これに関連して、思想家の内田樹氏は、次のように述べる。

今、『グローバル化』と呼ばれている趨勢は現実にはアメリカが主導しているものですよね。英語が公用語で、キリスト教が『国教』で、金を持っている人間が一番偉いという価値観が共有されているけれど、これは規模は大きくても、所詮はアメリカ・ローカルの民族誌的偏見を量的に拡大したものに過ぎません。(中略)
喜捨の文化』『歓待の文化』というのは遊牧民にとって生き延びるために必須のモラルなわけです。砂漠では利己的にふるまうと生き延びることができない。もっとも重要な生活資源は、それなしでは生きられないがゆえに、見知らぬ他者とでも共有しなければあんらない。そういう発想はグローバリストには絶対理解できないと思います。

『世界「最終」戦争論』*2より


これは何も、米国人が皆金の亡者だとかいうことではなく、もう少し穏当な言い方をすれば、米国人には世俗の成功が神に選ばれた証とするプロテスタンントの信仰が背景にあり、それは砂漠を生きる民の信仰やモラルとは異なるということだろう。そういう意味では、砂漠の民にイスラムの信仰があるように、米国にも(主として)プロテスタントの信仰があり、相応に合理性の背景には非合理(信仰)があるとも言える。

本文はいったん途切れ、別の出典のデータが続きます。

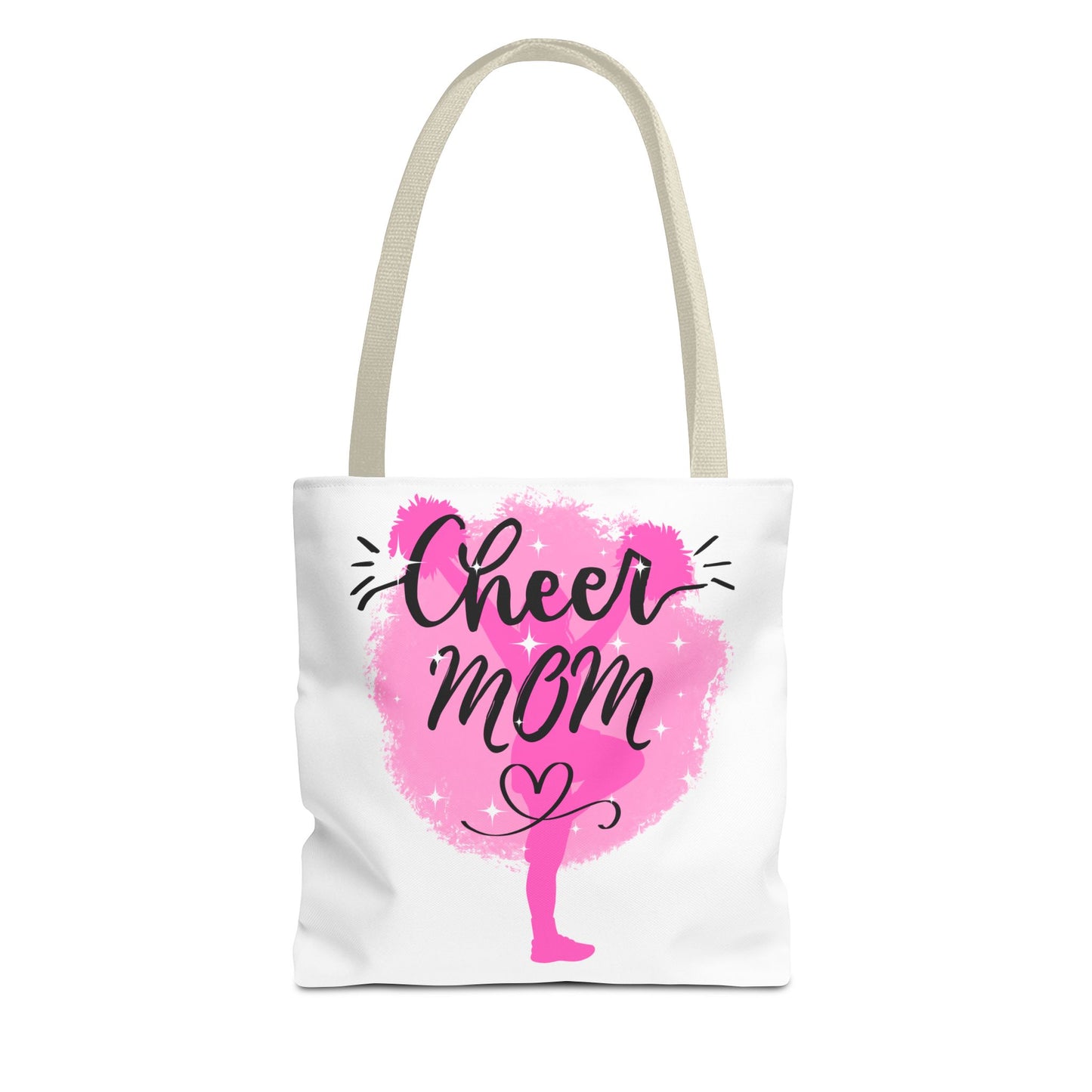 Cheer Mom Tote Bag, Cheerleading Gift, Athletic Tote, Stylish Mom Bag, Personalized Sporty Tote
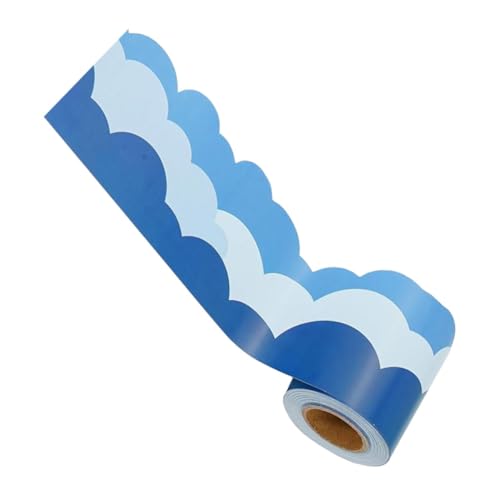 HOMSFOU 1 Rolle Wolkenrandaufkleber Pinnwand Dekorationen Pinnwand- Pastell Klassenzimmer Gerollter Wolken-Randaufkleber Wandtattoos Bordüre Aufkleber aus beschichtetem Papier Blau HOMSFOU 1 Rolle Wolkenrandaufkleber Pinnwand Dekorationen Pinnwand- Pastell Klassenzimmer Gerollter Wolken-Randaufkleber Wandtattoos Bordüre Aufkleber aus beschichtetem Papier Blau von HOMSFOU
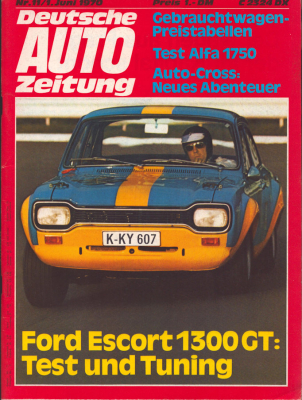 Deutsche Auto Zeitung 1970 Heft 11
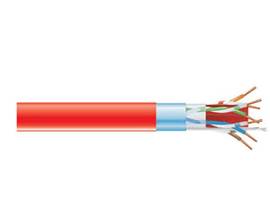 CAT6A 650-MHz Solid Bulk Cable F/UTP CMP Plenum RD 1000FT Spool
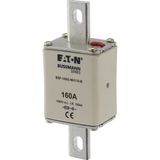 Fuse-link, high speed, 160 A, DC 1000 V, NH1, 40 x 53 x 135 mm, gBat, IEC, bolted connection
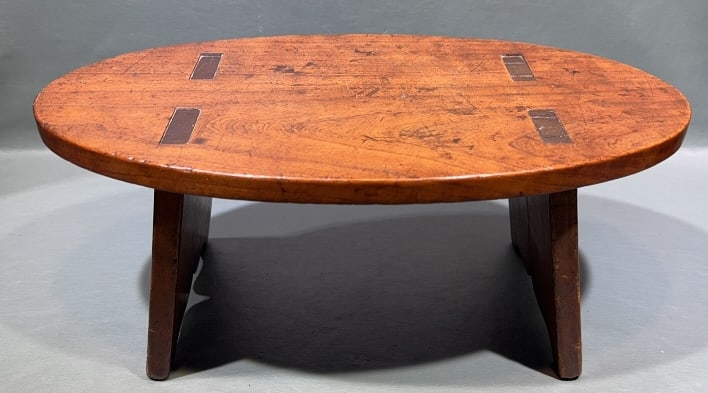 ANTIQUE WALNUT MORTISED FOOT STOOL (1 of 3)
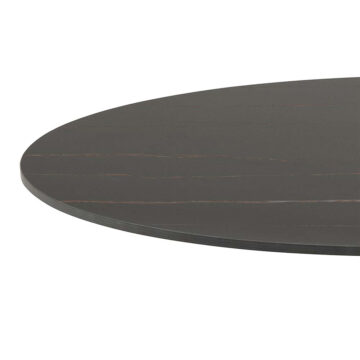 Malaya Black Round Dining Table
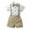 Khaki, variant on Baby Outfits Baby Boys Gentleman Outfits Shorts Sets,Infant Shirt + Shorts + Bow Tie + Suspenders(Wine,7-8 Years)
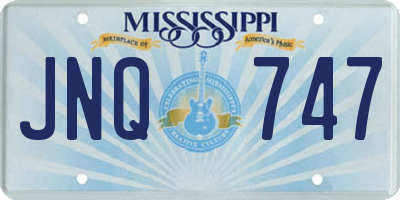 MS license plate JNQ747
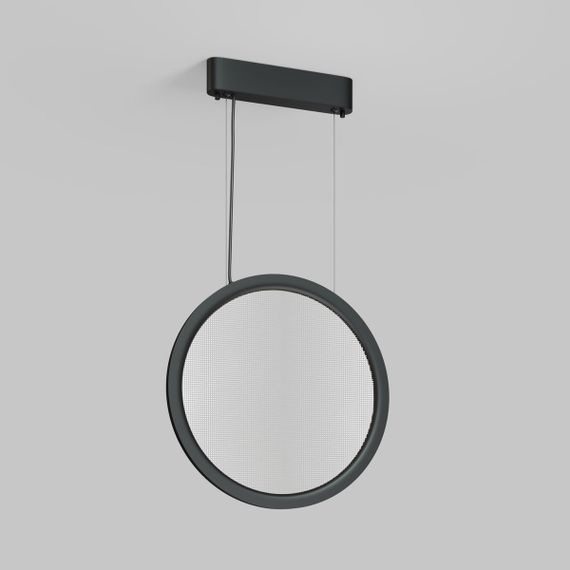 Подвесной вертикальный светодиодный светильник Denkirs Veil DK6604-BK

吉田氏は、「社会における正しい決定というのは、ひとりひとりが自らのうちに『社会の眼』をもつことによってのみなしうること、つまり『利益を主張するつっぱり合いではなく、この社会を『わたしたち』がどうするかという観点で自らの意見を表明する人間である、と認知心理学者の佐伯胖氏を引用しつつ語る。だから政治における感情や非合理はそういう意味で、もっと尊重されて良いはずだという。これは私にも非常に素直に納得できる。



 危険な米国とフランス


米国が自国のアイデンティティーを意識して、自国の価値観を同胞の間で共有することは否定されるべきものではないし、他国にもそれを提案していくこともそれ自体が悪いわけではない。だが、それを超越的な理念やイデオロギーに仕立て上げて固執し、他国(他文化圏)にまで押し付けていくとなると話しは別だ。他国との摩擦どころか、ドナルト・トランプを支持する勢力の急拡大にみるように(そして、まさにマンハイムが指摘したごとく)、自国内でさえエリート支配に反発し、反知性主義を肯定的に捉える勢力の拡大を抑制することができなくなってきている。少なくともそのように理解した上でどう対処していくべきか解決策を探るという方向に向かわないと解決の糸口さえみつからないまま、世界をさらなる混乱に巻き込んでいくことになるのではないか。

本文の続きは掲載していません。